One government interest group that is directly affected by the Fed’s monetary policy is the U.S. Treasury. By law, the U.S. Treasury receives all of the Federal Reserve’s surplus funds (Senate and House of Representatives of the United States of America in Congress, 1913). Since the Fed has changed from a corridor system to a floor system, they change interest rates through manipulation of the interest on excess reserves (IOER). Under this new system, Fed remittances have increased significantly and have since constituted a larger share of the corporate tax profits received by the Treasury (Cutsinger & Luther, 2022). When the Fed raises this rate, it cuts into their surplus as they pay banks for holding reserves. This ultimately results in less sent in remittances to the U.S. Treasury. This is evident, as when the Fed increased the IOER rate from 0.25% in December 2015 to 2.4% in 2019 (Federal Reserve Bank of St. Louis, submitted), the U.S. Treasury’s revenue from the Fed decreased from $115,672 million in 2016 (Department of the Treasury, 2016, p. 131) to $52,793 million in 2019 (Department of the Treasury, 2019 p. 120). With the recent increase in inflation, the Fed has started to increase its interest on reserve balances (Federal Reserve Bank of St. Louis, submitted), which will ultimately cut into its remittances sent to the Treasury. Under these policies, the United States Department of the Treasury loses.

How effective interest groups in Congress—which in essence controls the Treasury—will be in imposing its will on monetary authorities depends in turn on how institutions shape “political prices.” As we argued earlier, the Fed’s institutional structure reflects the interests of key private interest groups such as the banking industry. As the political influence of these groups declines, we should expect the Treasury and its political overlords to play a greater role in monetary policy. For instance, the Dodd-Frank Act, by no longer allowing Class A directors who represent the stockholding banks to vote for the president of the Reserve Bank (Dodd-Frank Wall Street Reform and Consumer Protection Act, 2010, § 1107), weakened the political power of the banking industry in the Fed. As the influence from the banking industry is weakened, we should expect resulting Fed policy to be less favorable to this group. Bankers, as traders of fixed-income securities, can easily be identified as the losers of inflation (White, 2014). Hence, our theory suggests that inflation is more likely following the reform of the Fed, as bankers are a less represented interest in the Fed’s decision-making. The Fed’s policy response to the COVID-19 pandemic reflects this change.

3.3 European Central Bank

One of the clearest examples of how political forces determine the operation of monetary policy is the creation and development of the euro. When the French government renewed the attempt at a monetary union in 1988, the West German government was extremely skeptical. With the prospect of German reunification, France agreed to reunification in exchange for Germany renouncing the Deutschmark and accepting the establishment of a common currency (Baun, 1995). Initially, however, the Germans knew they could suffer the concentrated costs of money creation and therefore tried to establish institutional safeguards to avoid this scenario.

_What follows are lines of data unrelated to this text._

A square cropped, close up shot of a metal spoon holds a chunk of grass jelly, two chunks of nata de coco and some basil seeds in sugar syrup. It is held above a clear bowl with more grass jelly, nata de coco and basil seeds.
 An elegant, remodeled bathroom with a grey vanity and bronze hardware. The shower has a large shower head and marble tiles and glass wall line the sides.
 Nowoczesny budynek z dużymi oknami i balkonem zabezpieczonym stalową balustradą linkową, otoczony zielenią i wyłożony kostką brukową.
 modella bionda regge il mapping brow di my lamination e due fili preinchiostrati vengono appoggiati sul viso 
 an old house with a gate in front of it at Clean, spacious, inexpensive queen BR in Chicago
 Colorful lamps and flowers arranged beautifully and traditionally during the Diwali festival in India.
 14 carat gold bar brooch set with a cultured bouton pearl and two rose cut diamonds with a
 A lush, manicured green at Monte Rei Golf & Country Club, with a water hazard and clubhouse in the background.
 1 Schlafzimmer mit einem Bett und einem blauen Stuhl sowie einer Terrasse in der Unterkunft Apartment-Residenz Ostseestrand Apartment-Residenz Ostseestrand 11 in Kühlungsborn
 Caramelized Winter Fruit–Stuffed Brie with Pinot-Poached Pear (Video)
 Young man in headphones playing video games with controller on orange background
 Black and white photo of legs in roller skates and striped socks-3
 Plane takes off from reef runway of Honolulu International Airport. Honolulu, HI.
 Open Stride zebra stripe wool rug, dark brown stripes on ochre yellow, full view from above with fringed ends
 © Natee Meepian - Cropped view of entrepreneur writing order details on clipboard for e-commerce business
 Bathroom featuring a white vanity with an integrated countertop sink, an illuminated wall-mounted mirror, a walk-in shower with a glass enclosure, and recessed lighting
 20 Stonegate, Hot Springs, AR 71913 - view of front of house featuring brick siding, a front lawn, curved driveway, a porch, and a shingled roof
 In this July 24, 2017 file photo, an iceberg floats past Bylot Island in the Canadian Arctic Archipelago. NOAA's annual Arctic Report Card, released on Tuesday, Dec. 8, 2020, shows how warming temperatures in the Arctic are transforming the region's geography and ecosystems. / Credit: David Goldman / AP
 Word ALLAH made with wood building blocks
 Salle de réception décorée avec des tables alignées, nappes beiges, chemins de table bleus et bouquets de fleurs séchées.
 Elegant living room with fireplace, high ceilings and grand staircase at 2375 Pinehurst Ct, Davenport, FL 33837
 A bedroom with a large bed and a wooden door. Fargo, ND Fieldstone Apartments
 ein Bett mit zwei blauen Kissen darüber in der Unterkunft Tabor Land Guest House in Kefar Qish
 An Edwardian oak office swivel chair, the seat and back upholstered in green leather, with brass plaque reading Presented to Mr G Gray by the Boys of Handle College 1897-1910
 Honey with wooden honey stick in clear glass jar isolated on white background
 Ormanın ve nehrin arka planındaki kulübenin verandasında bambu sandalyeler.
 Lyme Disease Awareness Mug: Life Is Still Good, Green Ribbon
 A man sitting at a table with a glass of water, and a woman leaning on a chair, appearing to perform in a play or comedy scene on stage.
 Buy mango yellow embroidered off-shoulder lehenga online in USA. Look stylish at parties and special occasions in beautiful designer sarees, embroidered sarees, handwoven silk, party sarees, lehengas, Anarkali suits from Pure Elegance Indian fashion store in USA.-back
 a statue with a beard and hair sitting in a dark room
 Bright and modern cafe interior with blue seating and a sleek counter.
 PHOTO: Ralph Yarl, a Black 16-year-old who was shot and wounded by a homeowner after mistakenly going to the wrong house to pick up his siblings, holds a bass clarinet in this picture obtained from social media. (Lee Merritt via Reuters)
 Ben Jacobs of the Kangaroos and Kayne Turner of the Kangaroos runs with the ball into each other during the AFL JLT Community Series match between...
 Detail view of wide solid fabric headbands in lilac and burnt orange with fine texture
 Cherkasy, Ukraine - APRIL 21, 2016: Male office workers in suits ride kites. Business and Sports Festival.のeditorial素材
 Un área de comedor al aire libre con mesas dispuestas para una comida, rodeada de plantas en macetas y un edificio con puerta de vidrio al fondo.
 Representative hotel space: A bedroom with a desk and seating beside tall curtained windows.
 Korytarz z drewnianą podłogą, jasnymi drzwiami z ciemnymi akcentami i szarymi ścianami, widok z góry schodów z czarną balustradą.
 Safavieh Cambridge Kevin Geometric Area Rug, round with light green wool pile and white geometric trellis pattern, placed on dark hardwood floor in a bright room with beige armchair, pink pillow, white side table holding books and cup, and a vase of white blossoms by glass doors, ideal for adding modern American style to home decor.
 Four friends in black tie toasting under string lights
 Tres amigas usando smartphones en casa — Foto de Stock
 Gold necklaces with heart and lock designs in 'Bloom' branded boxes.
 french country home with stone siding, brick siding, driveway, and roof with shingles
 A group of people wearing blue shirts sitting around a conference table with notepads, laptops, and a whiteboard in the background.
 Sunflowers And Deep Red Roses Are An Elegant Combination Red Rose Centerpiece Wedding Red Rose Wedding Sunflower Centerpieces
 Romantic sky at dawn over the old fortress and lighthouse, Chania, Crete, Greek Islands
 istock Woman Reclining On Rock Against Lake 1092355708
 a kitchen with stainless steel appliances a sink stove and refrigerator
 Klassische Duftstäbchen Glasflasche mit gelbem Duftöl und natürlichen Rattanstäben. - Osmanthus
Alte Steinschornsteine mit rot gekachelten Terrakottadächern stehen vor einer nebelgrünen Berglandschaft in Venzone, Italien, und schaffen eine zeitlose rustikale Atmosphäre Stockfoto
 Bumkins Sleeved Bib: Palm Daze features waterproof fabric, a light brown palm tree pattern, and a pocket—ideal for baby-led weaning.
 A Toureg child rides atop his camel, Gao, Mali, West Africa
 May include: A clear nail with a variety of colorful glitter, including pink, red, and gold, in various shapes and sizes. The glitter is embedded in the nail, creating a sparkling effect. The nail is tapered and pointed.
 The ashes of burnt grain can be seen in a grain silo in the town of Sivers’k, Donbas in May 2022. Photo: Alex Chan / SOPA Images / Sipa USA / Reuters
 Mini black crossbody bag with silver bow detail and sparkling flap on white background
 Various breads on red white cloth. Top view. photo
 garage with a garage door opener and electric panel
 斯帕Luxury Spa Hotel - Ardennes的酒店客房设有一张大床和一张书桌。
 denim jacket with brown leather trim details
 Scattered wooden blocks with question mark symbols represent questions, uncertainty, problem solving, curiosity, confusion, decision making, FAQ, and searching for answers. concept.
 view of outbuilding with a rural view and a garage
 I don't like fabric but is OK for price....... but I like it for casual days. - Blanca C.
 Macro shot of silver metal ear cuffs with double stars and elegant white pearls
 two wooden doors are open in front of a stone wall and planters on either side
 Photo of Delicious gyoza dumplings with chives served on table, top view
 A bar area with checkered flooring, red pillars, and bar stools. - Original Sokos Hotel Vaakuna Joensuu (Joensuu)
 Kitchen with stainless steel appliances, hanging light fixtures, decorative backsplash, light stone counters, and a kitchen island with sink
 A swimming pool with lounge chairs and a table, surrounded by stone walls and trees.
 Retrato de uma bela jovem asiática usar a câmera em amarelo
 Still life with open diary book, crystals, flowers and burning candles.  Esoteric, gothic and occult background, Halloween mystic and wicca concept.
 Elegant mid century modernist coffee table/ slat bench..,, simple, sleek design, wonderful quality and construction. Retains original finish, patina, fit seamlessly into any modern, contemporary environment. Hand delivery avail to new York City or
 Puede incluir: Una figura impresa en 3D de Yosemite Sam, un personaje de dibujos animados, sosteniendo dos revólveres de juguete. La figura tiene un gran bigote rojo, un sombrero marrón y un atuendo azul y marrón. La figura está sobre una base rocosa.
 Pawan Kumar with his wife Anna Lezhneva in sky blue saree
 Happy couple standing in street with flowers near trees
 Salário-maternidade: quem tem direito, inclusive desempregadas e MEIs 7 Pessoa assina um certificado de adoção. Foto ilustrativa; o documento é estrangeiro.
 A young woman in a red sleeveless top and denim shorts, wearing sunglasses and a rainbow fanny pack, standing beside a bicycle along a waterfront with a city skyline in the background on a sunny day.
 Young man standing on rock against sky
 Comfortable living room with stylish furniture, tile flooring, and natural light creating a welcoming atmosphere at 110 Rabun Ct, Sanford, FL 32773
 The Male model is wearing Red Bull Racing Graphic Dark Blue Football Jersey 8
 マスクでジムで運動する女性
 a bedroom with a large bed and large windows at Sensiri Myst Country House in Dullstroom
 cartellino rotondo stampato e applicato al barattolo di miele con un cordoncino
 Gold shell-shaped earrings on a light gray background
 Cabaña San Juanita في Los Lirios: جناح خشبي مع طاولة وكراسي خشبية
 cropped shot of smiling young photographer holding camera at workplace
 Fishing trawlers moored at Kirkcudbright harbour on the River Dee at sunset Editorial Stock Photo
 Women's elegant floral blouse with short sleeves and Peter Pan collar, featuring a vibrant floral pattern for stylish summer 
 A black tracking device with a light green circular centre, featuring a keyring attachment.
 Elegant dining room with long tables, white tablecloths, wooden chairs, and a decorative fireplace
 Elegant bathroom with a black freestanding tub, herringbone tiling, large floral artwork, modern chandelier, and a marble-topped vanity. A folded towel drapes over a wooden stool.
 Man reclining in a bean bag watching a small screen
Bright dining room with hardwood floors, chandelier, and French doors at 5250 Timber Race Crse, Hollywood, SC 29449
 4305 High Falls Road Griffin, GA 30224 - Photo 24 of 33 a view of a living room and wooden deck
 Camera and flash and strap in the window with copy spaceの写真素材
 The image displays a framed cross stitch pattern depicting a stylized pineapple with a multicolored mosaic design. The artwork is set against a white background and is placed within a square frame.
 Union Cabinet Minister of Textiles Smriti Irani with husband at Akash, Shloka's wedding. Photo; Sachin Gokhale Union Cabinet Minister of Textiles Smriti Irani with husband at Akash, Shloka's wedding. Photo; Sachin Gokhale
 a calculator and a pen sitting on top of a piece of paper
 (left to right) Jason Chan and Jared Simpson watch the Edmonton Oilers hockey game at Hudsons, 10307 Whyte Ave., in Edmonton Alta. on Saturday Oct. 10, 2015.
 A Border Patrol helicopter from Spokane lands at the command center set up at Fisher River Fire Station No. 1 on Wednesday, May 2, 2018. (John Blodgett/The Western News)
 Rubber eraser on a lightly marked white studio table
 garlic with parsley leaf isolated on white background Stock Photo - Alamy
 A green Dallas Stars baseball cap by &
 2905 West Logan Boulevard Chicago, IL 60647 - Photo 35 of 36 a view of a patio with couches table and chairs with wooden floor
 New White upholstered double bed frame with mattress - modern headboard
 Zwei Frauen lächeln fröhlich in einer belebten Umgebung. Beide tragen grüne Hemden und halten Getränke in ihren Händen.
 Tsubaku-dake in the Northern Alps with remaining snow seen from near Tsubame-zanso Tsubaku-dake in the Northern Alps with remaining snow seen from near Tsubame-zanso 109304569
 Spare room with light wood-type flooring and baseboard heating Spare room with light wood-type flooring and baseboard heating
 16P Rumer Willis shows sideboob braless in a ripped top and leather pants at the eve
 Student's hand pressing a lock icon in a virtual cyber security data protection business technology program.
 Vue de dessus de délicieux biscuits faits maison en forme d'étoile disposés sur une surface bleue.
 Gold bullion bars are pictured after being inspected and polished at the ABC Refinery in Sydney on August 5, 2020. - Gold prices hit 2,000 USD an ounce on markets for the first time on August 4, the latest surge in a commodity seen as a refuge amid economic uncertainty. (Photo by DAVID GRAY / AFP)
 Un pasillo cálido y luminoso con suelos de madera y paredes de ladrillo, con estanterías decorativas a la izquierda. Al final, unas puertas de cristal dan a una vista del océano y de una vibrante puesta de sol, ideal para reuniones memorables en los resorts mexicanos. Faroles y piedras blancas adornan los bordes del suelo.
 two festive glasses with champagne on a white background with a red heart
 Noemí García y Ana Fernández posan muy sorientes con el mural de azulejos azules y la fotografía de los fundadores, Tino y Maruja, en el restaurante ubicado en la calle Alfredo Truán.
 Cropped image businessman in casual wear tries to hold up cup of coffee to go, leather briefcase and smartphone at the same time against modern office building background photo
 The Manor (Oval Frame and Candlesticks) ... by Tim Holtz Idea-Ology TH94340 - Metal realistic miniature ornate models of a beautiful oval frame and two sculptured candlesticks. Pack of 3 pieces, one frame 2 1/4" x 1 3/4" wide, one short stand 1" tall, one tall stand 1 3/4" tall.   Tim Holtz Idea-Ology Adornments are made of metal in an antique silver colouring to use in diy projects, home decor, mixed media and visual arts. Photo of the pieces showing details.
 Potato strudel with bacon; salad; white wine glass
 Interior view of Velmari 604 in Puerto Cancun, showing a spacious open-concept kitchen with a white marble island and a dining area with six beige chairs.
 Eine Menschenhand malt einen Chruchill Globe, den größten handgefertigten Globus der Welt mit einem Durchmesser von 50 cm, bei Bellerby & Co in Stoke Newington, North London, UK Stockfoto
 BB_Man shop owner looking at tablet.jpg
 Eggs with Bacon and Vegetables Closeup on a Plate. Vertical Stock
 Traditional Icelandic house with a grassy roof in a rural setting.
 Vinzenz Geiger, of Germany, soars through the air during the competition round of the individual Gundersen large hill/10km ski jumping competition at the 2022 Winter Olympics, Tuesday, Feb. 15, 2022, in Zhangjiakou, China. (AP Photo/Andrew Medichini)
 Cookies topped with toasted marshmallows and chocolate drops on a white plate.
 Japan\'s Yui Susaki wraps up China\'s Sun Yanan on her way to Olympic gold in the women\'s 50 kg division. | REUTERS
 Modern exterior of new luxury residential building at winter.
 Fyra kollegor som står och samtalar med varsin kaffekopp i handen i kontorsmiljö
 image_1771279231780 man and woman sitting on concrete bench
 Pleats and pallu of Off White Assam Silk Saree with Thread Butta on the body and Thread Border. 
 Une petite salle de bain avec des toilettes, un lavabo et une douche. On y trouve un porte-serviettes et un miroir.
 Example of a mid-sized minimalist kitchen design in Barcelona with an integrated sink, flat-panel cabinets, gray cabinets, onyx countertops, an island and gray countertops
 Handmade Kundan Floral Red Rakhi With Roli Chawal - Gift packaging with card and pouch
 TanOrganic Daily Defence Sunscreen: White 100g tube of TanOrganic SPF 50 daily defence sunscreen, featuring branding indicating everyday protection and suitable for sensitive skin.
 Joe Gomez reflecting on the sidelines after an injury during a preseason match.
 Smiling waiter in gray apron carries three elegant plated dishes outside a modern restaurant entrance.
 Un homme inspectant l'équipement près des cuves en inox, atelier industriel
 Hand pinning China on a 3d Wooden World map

When the eurozone was created in 1999, it was well recognized that more fiscally rigorous countries would benefit less from the money creation process than more fiscally reckless countries. Germany, a traditionally fiscally responsible government, now had to share its seigniorage revenues deriving from its strong and international currency, the Deutschmark, with all of the members of the monetary union. Sinn and Feist (2000) estimates that Germany lost €30 billion in seigniorage revenue with the introduction of the euro, while France gained €31 billion. In addition, government debt is a privileged asset in the money creation process as banks need to hold government securities to meet their capital requirements and as the central bank acts as a lender in last resort for the government. This meant that more fiscally “responsible” governments from northern Europe would not receive as much of the newly created money as members of the eurozone who decided to let their deficits grow larger. In addition, national banks part of the Eurosystem gained some discretion over the quantity of money and credit in their nation’s economy. Consequently, the euro relaxes the fiscal discipline of members of the eurozone, as part of the cost of budget deficit, per the Cantillon effect, is borne by other countries in the eurozone. As Sinn (2018) puts it:

Contrary to the widespread belief that euros are minted in Frankfurt and lent out to the euro countries in proportion to country size, the truth is that, within the Eurozone, national central banks have a lot of autonomy to deviate from proportionally issuing credit to the national economy. Within extremely loose rules laid down by the ECB they can issue more money by way of providing refinancing credit to local banks or buying more assets if needed. (p. 19)

As we explained in Sect. 2.2, the easier it is for potential losers of monetary inflation to identify themselves, the easier it will be for them to fight back. The German government knew very well that the euro could potentially be a very bad deal given the strength of the Deutschmark and the potential for debt monetization of less fiscally rigorous countries in the periphery. Since Germany knew the euro could be used at its expense, its interest had to be balanced against other countries interests. Consequently, many of the euro’s original institutional features can be explained as an attempt to limit the probability of “monetary capture” by southern European states. The ECB was established in Frankfurt and was to be strictly independent from political pressures. From the start, the creation of the euro went hand in hand with the creation of rules aimed at avoiding pressures on monetary policy by national fiscal authorities (Delors, 1989).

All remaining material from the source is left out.